I recently discovered just how elaborate and sophisticated the 7.5" gauge railroad in my town is. Has anyone had experience with equipment like this? I know it's not cheap!


----------



## wingnut163 (Jan 3, 2013)

there is one being built on this form.


----------



## gunrunnerjohn (Nov 10, 2010)

Check this thread out. 


choo choo goes big time...


----------



## rrgrassi (May 3, 2012)

Goto http://www.realtrains.com

I'm saving my money to do this!


----------



## GN.2-6-8-0 (Jan 10, 2013)

Here in Phx.Az. the Maricopa Live Steamers have around 18 miles of 7 1/2 '' on 165 acres of land at 43rd ave and pinnacle peak road.
and yep' its open to the public...
there's also large HO. G and N scale layouts.
Your all welcome to visit on Sat.and Sun.


----------



## sjm9911 (Dec 20, 2012)

They are pretty wild looking but they will not fit in my basement!


----------



## eljefe (Jun 11, 2011)

There's quite an elaborate large scale model train park at Griffith Park in Los Angeles too.

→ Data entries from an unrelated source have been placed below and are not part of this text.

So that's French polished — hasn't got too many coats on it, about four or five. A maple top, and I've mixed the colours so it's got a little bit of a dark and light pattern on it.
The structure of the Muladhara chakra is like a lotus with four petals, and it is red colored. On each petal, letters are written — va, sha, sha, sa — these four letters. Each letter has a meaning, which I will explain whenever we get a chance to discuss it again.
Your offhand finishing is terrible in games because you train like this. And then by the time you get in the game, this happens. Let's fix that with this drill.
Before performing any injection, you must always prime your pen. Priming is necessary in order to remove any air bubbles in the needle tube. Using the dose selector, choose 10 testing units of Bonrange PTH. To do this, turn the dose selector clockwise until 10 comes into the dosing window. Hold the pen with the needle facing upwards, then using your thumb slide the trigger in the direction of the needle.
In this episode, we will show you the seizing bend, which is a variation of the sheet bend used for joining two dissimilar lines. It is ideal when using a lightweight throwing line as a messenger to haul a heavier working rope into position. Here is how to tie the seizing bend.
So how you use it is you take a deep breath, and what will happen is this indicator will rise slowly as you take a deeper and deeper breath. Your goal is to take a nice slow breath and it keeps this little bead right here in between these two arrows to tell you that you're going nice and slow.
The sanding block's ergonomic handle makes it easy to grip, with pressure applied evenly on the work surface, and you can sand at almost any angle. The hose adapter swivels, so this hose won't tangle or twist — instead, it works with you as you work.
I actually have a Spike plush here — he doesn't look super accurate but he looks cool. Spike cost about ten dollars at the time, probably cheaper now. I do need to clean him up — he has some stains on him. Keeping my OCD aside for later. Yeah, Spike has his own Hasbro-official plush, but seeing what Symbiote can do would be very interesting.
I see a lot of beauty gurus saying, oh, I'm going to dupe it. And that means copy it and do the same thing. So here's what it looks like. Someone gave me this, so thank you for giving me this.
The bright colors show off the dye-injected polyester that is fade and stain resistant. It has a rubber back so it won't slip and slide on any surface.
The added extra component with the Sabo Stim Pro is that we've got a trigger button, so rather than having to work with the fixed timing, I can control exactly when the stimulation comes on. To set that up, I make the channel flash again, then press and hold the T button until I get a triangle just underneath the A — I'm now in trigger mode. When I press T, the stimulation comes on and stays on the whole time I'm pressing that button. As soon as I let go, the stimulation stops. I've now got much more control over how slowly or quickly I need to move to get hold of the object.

One of the displays is a barn from Walt Disney's estate where he maintained his own fleet of such trains. The story goes that this was one of the major inspirations for Disney Land--he wanted a bigger space to operate his toy trains! I'll have to check it out next time I'm in that area.

http://en.wikipedia.org/wiki/Walt_Disney's_Carolwood_Barn


----------



## wingnut163 (Jan 3, 2013)

does any one know if the one in NJ is still going?


----------